Le journal présente cinq pays où les policiers ne sont pas armés, sauf circonstances particulières : Royaume-Uni, Irlande, Norvège, Islande et Nouvelle-Zélande. Une stratégie qui porte ses fruits, selon le journal.
Ce n’est qu’en 2013 que la police islandaise a tué son premier homme de toute son histoire. Petit pays certes, mais le tiers de ses 300.000 habitants est armé. Une tradition de chasseurs qui place l’Islande au quinzième rang mondial des pays les plus armés. Malgré cela les crimes sont rares.
A la question «les Islandais sont-ils plus pacifiques?» Guomundur Oddsson, professeur de sociologie à l’université du nord Michigan, répond: «Le niveau très bas de crime en Islande tient au fait que le pays est petit, homogène, égalitaire. Une société très liée.»

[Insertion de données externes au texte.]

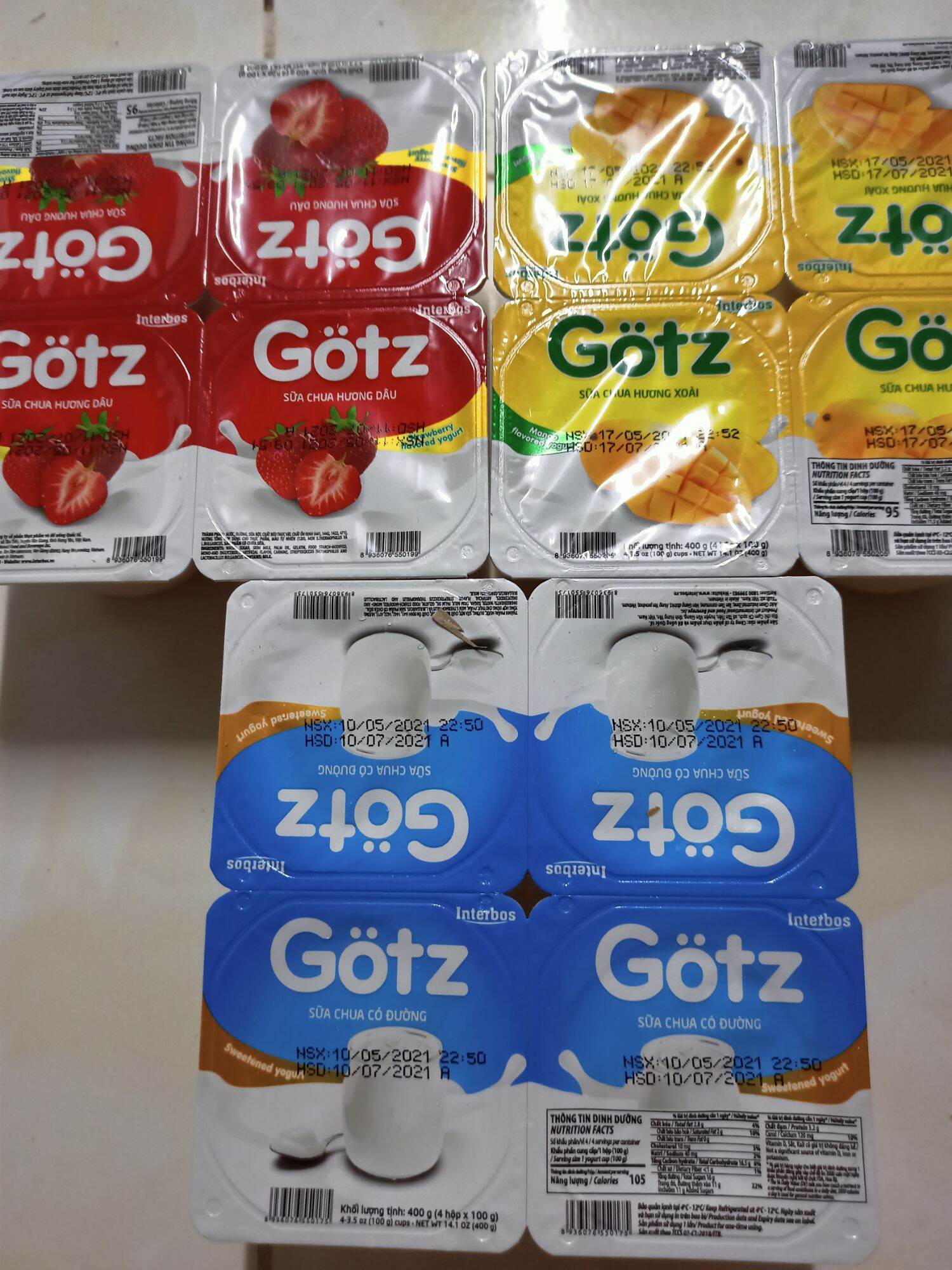 Date mới, 12hộp sữa chua gozt dâu +trắng + xoài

Richard Wright, professeur de criminologie, considère que la place des femmes dans la hiérarchie policière et dans la classe politique, a permis de maintenir la criminalité à un niveau très bas. Les deux chercheurs pensent que le système de protection sociale élevé et un système très égalitaire ont permis de conserver une police non-armée.

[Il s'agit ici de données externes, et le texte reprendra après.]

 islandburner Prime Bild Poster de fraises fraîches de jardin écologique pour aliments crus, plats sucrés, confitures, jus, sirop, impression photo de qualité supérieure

Le bobby toujours sans arme
Le Royaume-Uni et l’Irlande ont toujours cultivé leur différence dans le domaine de la police. Le «bobby» désarmé et avenant reste une réalité. Selon un sondage publié en 2004, 82% des policiers ne veulent pas être armés, même si le tiers dit avoir craint pour sa vie au moins une fois dans l’exercice de ses fonctions.
Depuis le 19e siècle, les policiers en patrouille se voient comme des protecteurs des citoyens que l’on doit pouvoir approcher facilement. Bien sûr, la police du Royaume-Uni n’échappe pas aux opérations musclées. Mais en 2013, elle n’a tué aucune personne, alors que la police américaine admettait 461 homicides.

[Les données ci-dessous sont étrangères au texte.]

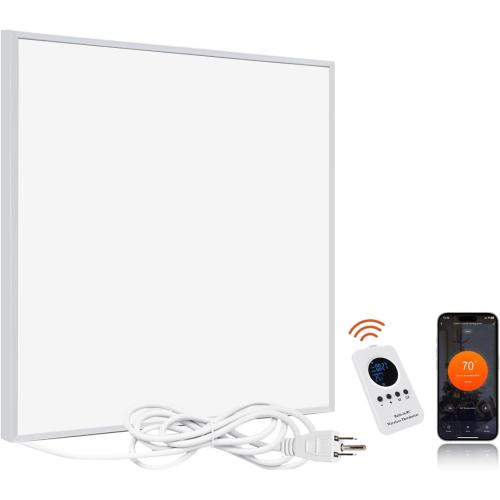 Space Heater for Indoor Use 600W– Wall Mounted Smart Infrared Heating Panel Appliance with Thermostat, Overheating Protection, Energy Efficient, 100% Flame Retardant, 10-Year Warranty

En Nouvelle-Zélande, les statistiques sont encore plus parlantes. De 1886 à 2009, 29 policiers ont trouvé la mort dans l’exercice de leur fonction. L’année 2009 a vu la mort d’un policier, quand dans le même temps, 37 salariés mourraient au travail. Ce qui fait dire à John Buttle, l’auteur de l’étude, qu’«en Nouvelle–Zélande il est plus dangereux d’être fermier que policier». Armer la police, poursuit l’auteur, conduirait à une «course à l’armement» totalement contre-productive.
Seulement deux balles tirées en Norvège
Quant à la Norvège, elle a tenu bon, malgré l’action criminelle d’Anders Breivik qui, en 2011, a tué 77 jeunes dans un camp d’été. Suite à cela, beaucoup en Norvège voulaient armer la police. Mais la tradition a été plus forte que la peur du terrorisme.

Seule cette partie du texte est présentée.